Für Lebedew war der starke Auftritt seines Teams auch eine Art Trotzreaktion auf das gehäufte Verletzungspech. Die gebeutelten Berliner haben sich zuletzt ohnehin den Ruf der Stehaufmännchen der Liga erarbeitet. Auch im Halbfinale gegen Rekordmeister VfB Friedrichshafen lagen sie nach verlorenem ersten Spiel im zweiten schon mit 0:2 Sätzen zurück - warfen den großen Meisterschaftsfavoriten aber trotzdem aus dem Rennen.

Touzinsky reißt mit

“Diese Gruppe“, sagt Lebedew, „hat einen unglaublichen Willen, einen unglaublichen Charakter. Sie gibt sich nie auf.“ Großen Anteil an dieser Mentalität hat der Amerikaner Touzinsky. Nach der vergangenen Saison hatten sich die Berliner von ihm getrennt, im Januar holten sie den Mann, der 2008 mit dem Team USA Olympiasieger wurde, reumütig zurück.

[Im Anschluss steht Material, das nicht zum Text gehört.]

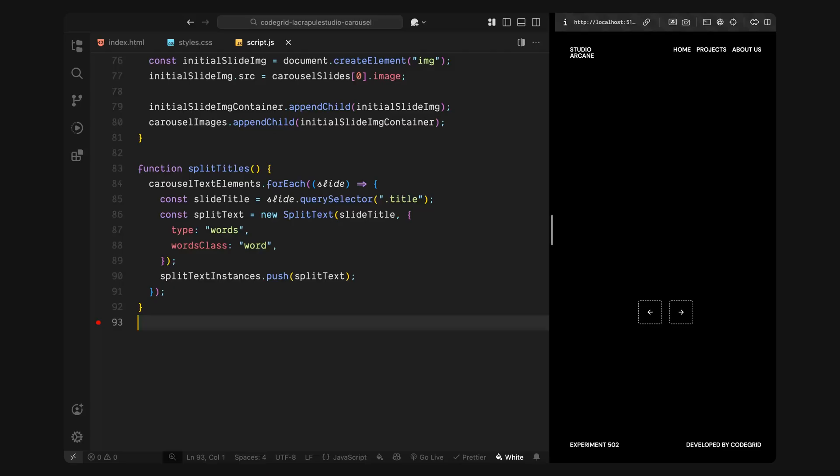After splitting, I'll store the split text instance into an array in case we want to access it later or clean it up. So now, all of our headings are broken into word level spans and ready to animate in and out as we transition between slides.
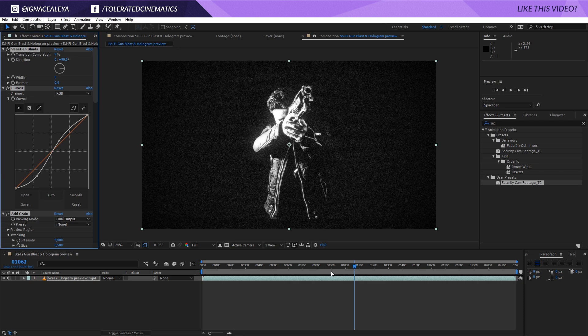So it's that easy to import a preset in After Effects. Hopefully this video helped you out. If it did, give it a like and also subscribe to the channel for more videos. Thank you so much for watching and goodbye.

Nächste Chance Heimspiel: Haching will daheim in Führung gehen Nächste Chance Heimspiel: Haching will daheim in Führung gehen © dpa Bilderstrecke 

Seither verleiht der 29 Jahre alte Außenangreifer den Volleys die nötige Stabilität, im Spiel und auch in den Köpfen. „Er hat großen Einfluss auf die Mannschaft“, sagt Lebedew. „Er vermittelt ihr viel Siegeswillen und Moral, er reißt sie mit, auch wenn er selbst nicht hundertprozentig fit ist.“

Die Zuschauer honorieren das Wagnis

Das kommt auch bei den Fans an. Nirgendwo wird Volleyball in Deutschland inzwischen so zelebriert wie in der Hauptstadt, nirgendwo kommen mehr Zuschauer. Die Volleys halten den Liga-Rekord mit mehr als 8000 Besuchern und den Saisonrekord mit gut 7000. In Berlin haben sie sich vor dieser Saison bewusst für die große Lösung entschieden.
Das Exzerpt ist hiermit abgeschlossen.